▶ Your goal
Only the lines from the line with "Carnollia Font" through the end of the records belong in your reply, copied exactly, with every picture left out.

Short web captions:

┄┄┄┄┄┄┄┄┄┄┄┄┄┄┄┄┄┄┄┄

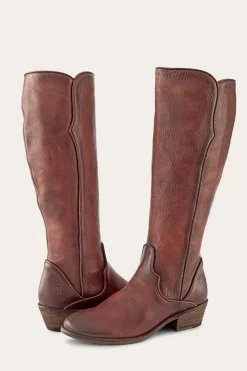 Best Sale Frye Carson Piping Tall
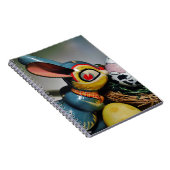 Spielzeug-Kaninchen und Kuhei Notizblock (Rechte Seite)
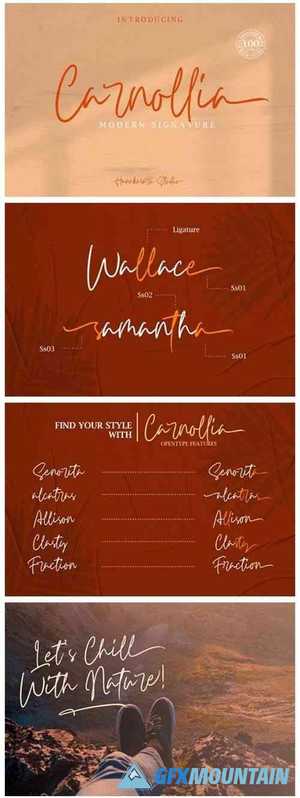 Carnollia Font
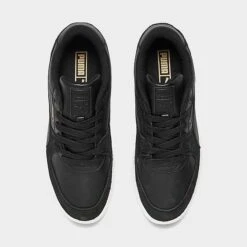 Men's Puma CA Pro Lux Casual Shoes Black/Gum - 39013301 001 -Stealth Fit Shop 39013301 001 P5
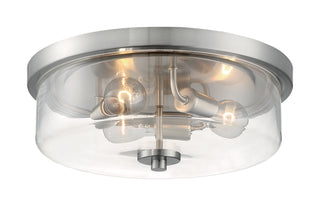 SOMMERSET 3 LIGHT FLUSH MOUNT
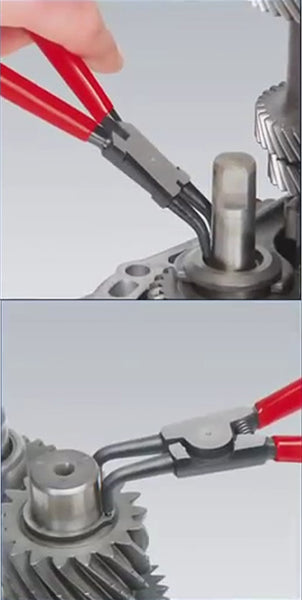 Spring Pliers with Internal and External Cards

┄┄┄┄┄┄┄┄┄┄┄┄┄┄┄┄┄┄┄┄

▶ Answer to the exercise
 Carnollia Font
 Men's Puma CA Pro Lux Casual Shoes Black/Gum - 39013301 001 -Stealth Fit Shop 39013301 001 P5
 SOMMERSET 3 LIGHT FLUSH MOUNT
 Spring Pliers with Internal and External Cards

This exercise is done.